11. “Tião”, de Gudicarmas
Gudicarmas foi uma banda importante no início do Abaca. A Bruna (vocal) nos apresentou o primeiro e único álbum da banda, Dharma, logo que nos conhecemos e de primeira rolou uma paixão coletiva pelo trabalho. Gudicarmas é uma banda independente surgida em 2011 no Recife, cidade de Bruna, que encerrou os trabalhos em 2016, ano em que nascia o Abacaxepa. As composições do disco Dharma, assim como as nossas, permeiam assuntos como política, loucura, amor e cotidiano, além de ritmos variados, mas sempre com uma pitada de rock progressivo.

12. “Mergulho interior”, de Anelis Assumpção
A poesia de Anelis carrega um ar cotidiano que sempre nos inspirou e agradou. Essa é uma música de várias camadas e convenções, os timbres e linhas de teclado e guitarra são muito presentes e juntos complementam essa sonoridade latino-americanizada trazida nas percussões. Escolhemos essa faixa porque essas são características presentes em nosso trabalho e por Anelis ser uma das artistas contemporâneas, desta nossa mesma cena, que mais nos inspira, desde sua obra até seus posicionamentos.

13. “Jogo de calçada”, de Os Mutantes
Mutantes com certeza é uma das nossas principais influências. Temos essa interpretação na manga nos shows. “Jogo de Calçada” traz a veia rock'n'roll-canção que nos fascina, ela é dinâmica e elástica no seu instrumental e linda e malandra nos vocais. O conjunto é perfeito, tem tudo a ver com o jeito que procuramos compor.

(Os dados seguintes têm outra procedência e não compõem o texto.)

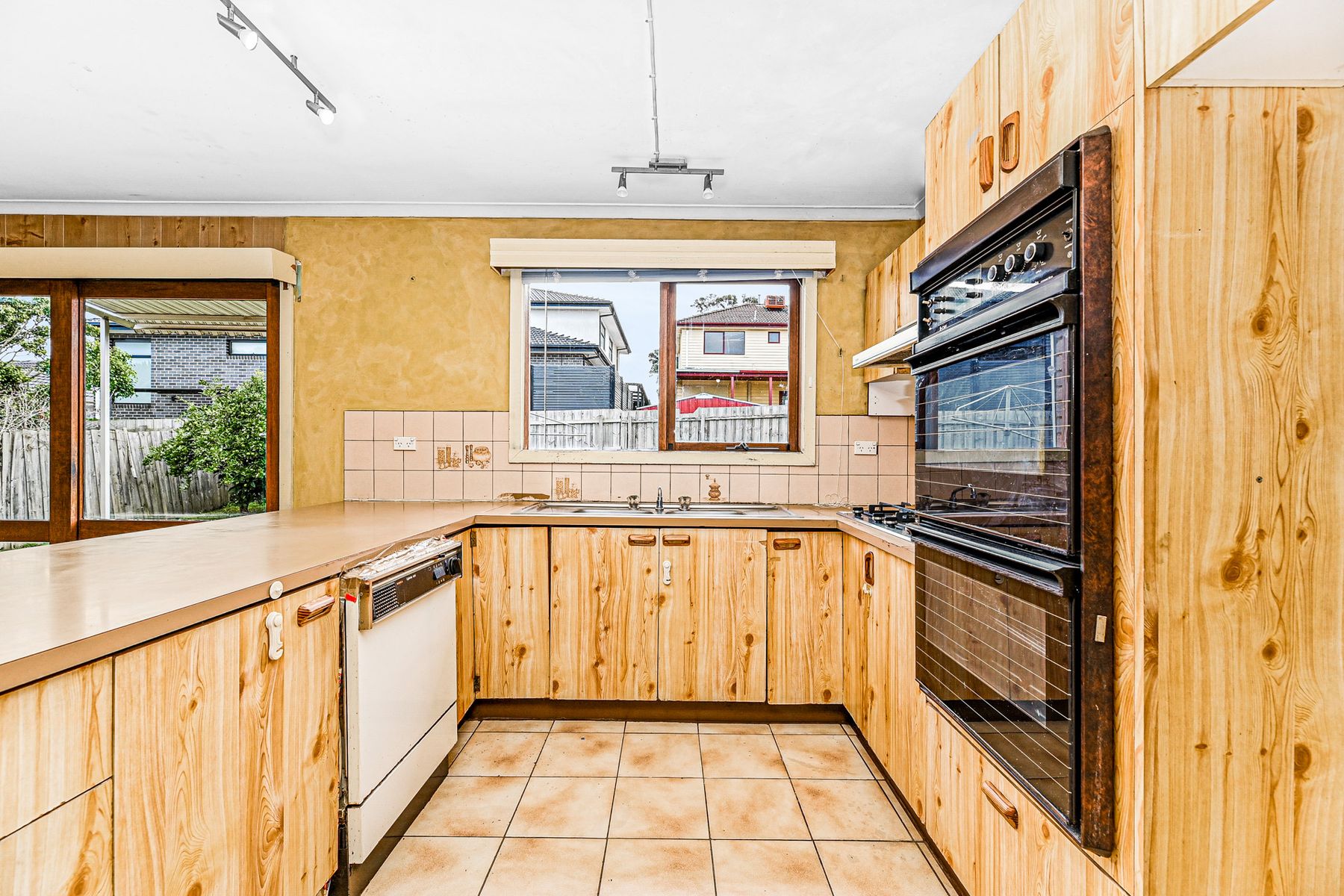 11 Goodwood Drive, Springvale, VIC 3171, Springvale - Thumbnail 6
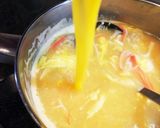 【簡単】カニカマ入中華かき卵コーンスープ作り方6写真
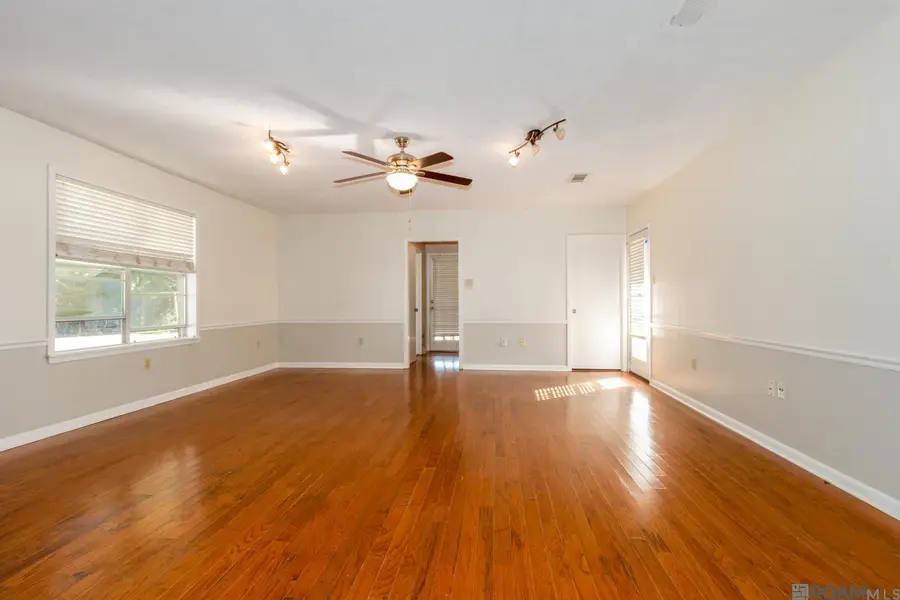 9384 S River Oaks Dr, Baton Rouge, LA 70815 - Image #3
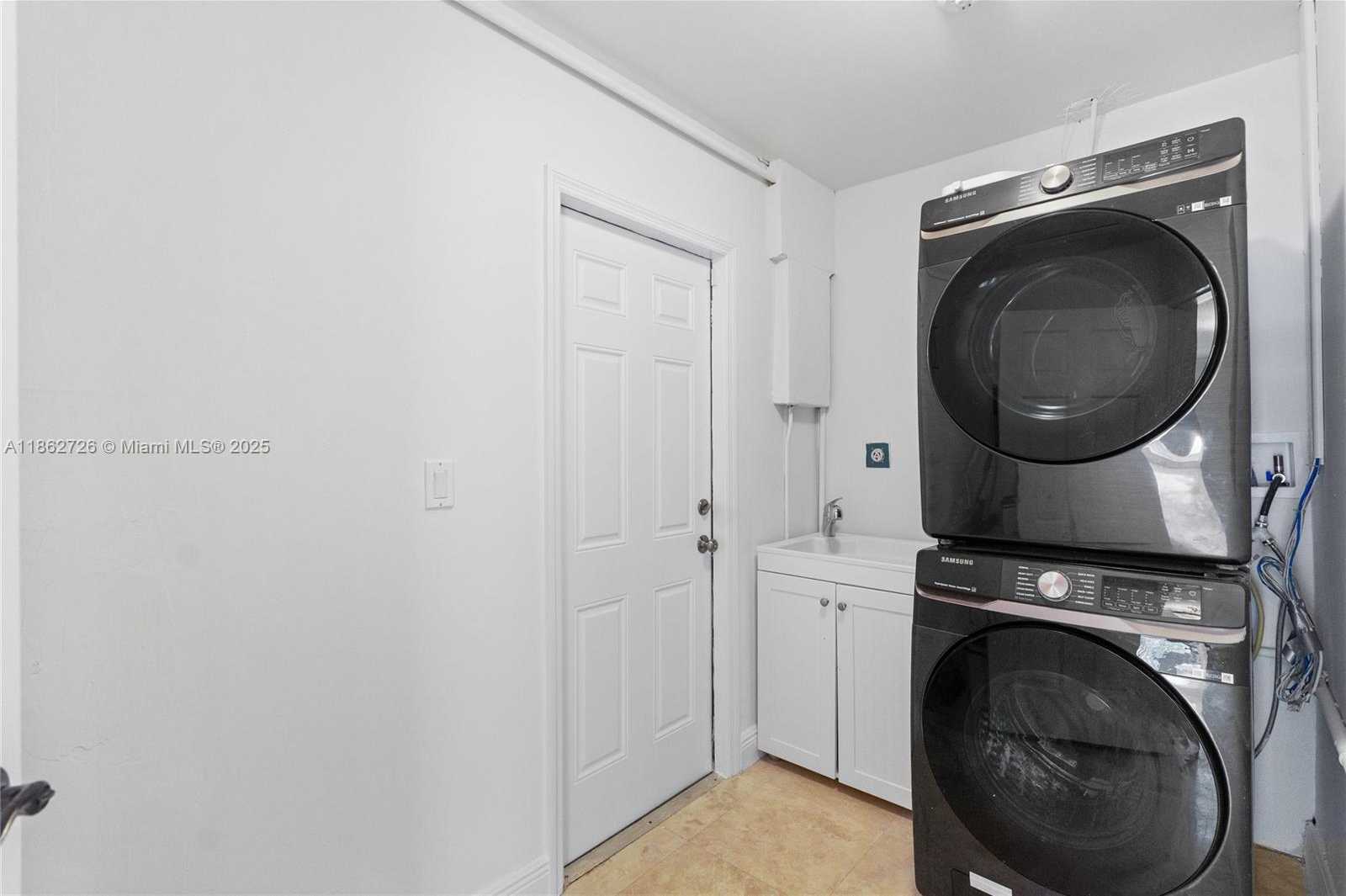 Small Image of 6841 SOUTH WEST 48TH ST, Miami Number 30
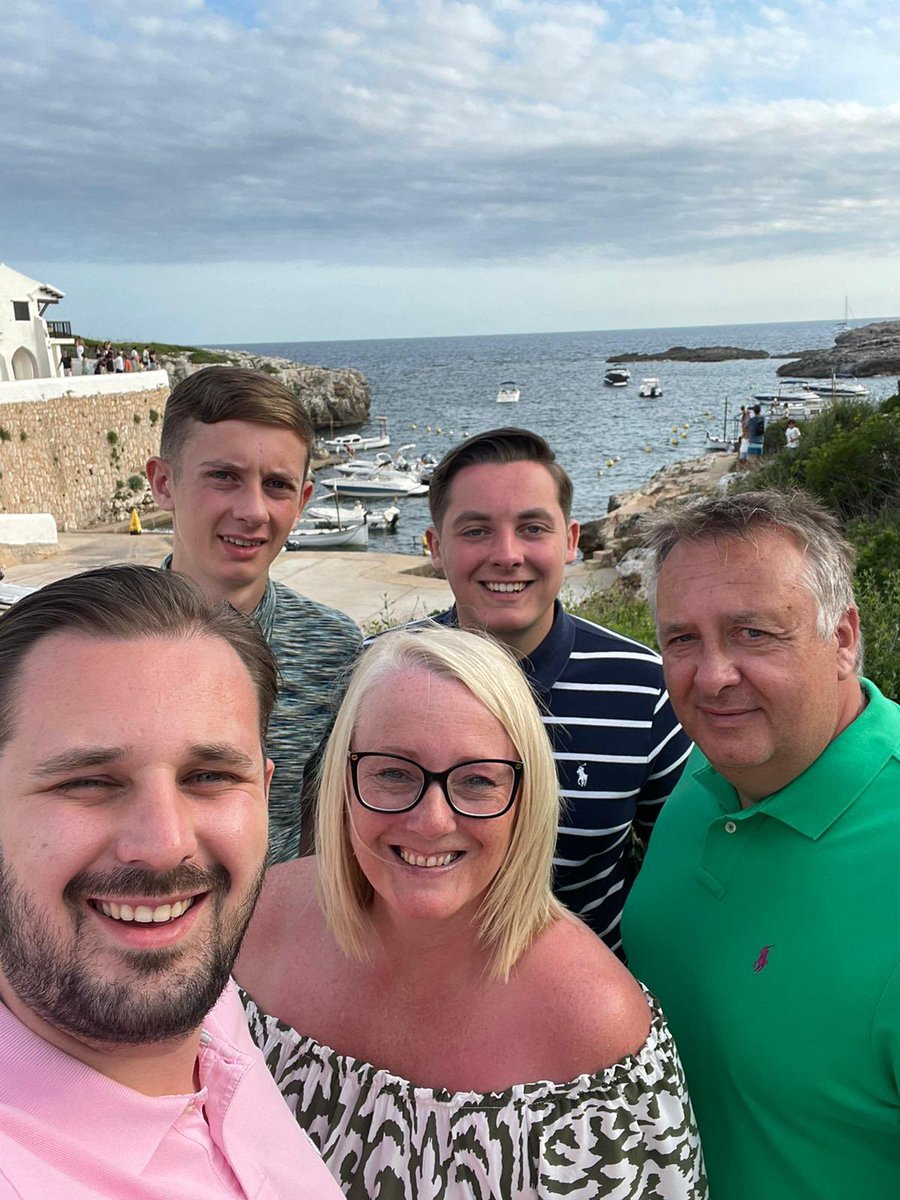 KateNobl's tweet photo. Family 💙❤️💙💙💙 https://t.co/S2id8uw2XF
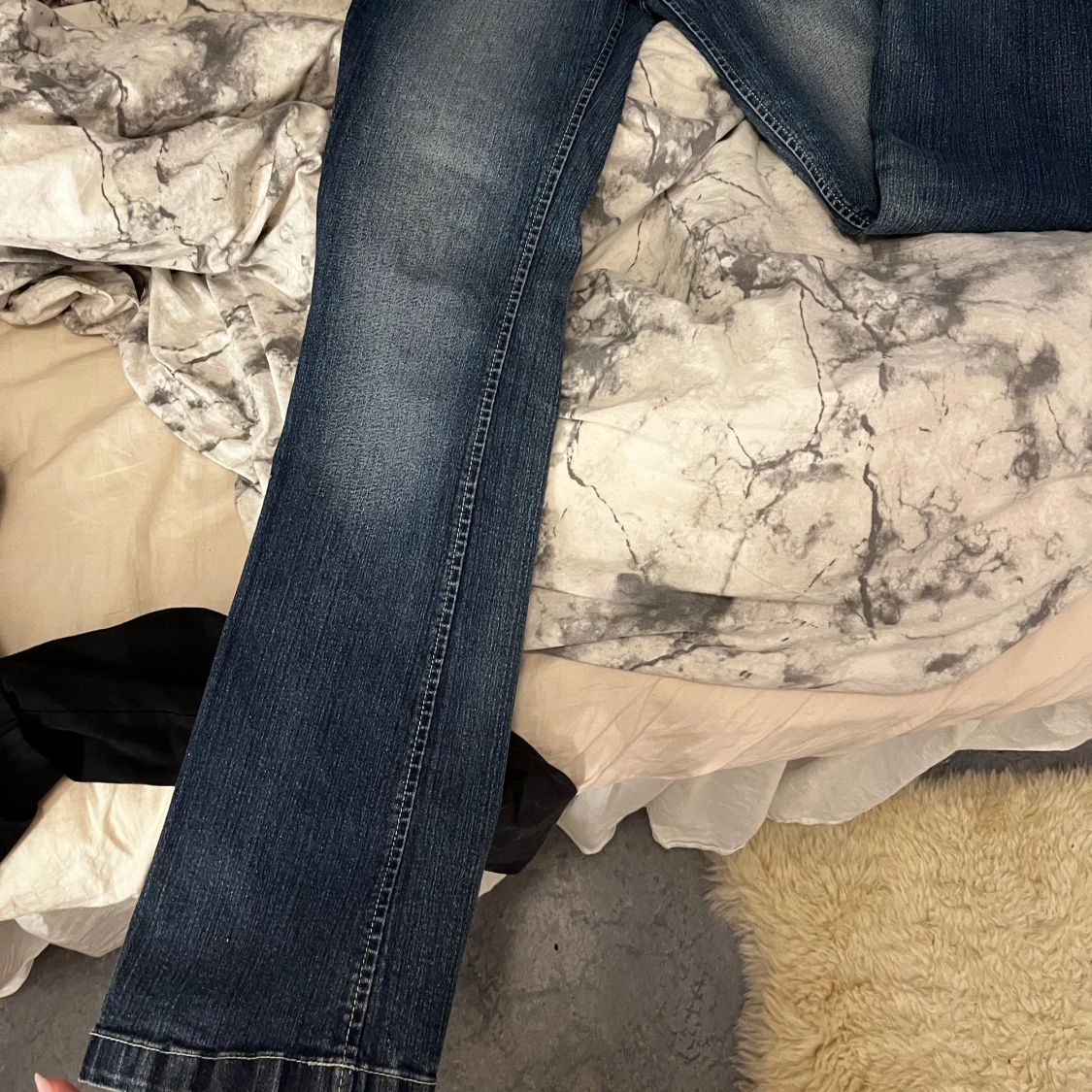 Mörkblå lågmidjade jeans med lite utsvängda ben - 1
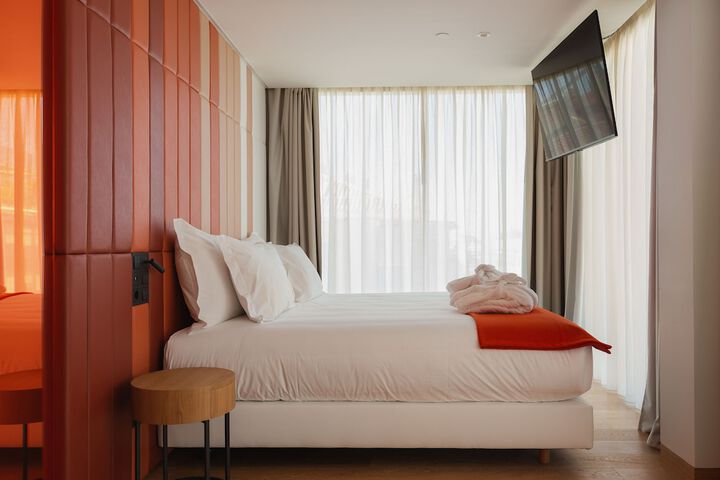 Room 18 of 75
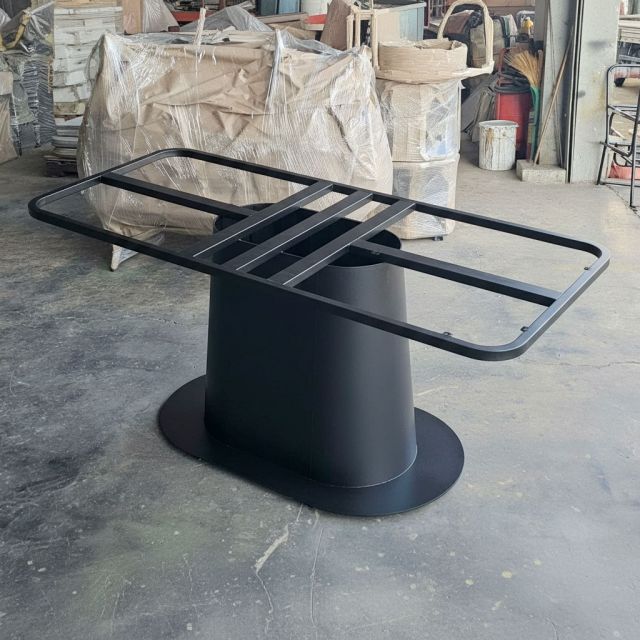 Chân bàn ăn 160x70cm sơn tĩnh điện CHB68103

14. “Primavera nos dentes”, de Secos & Molhados
Esse blues à la brasileira sempre foi admirado por todos nós. É o ponto de encontro dos diversos gostos da banda e a paixão pela música brasileira dos anos 1970. Solos improvisados longos, a atmosfera viajante que te leva a uma viagem espacial, a letra misteriosa, as vozes cortantes, tudo nela nos encanta e nos influencia em todos os detalhes. Pode-se perceber uma amostra dessa influência em “Olhos da Cidade”, faixa presente em nosso álbum Caroço.

15. “Sônia”, de Bolerinho
Bolerinho é uma banda formada por amigas nossas, Luisa Toller, Marina Bastos e Maria Beraldo. A banda tem uma pegada experimental e nos inspira muito por seus arranjos vocais.
“Sonia” é uma música que tem um aspecto de sonho, e o que chama bastante a atenção é a poética que faz referência à insônia e nos leva a imaginar a falta de sono por motivos concretos. Traz alguns fatores que contribuem para essa psicodelia, como a abertura de voz, que é algo que nos interessa muito. A letra é de Luisa, parceira que fez os arranjos vocais de algumas das nossas músicas. Marina, outra integrante da banda, também participou tocando flauta no nosso disco e consequentemente da nossa história.

O Som que Fez o Som passa a ser uma série mensal, que será publicada na primeira sexta-feira de cada mês, reunindo as influências de diferentes artistas.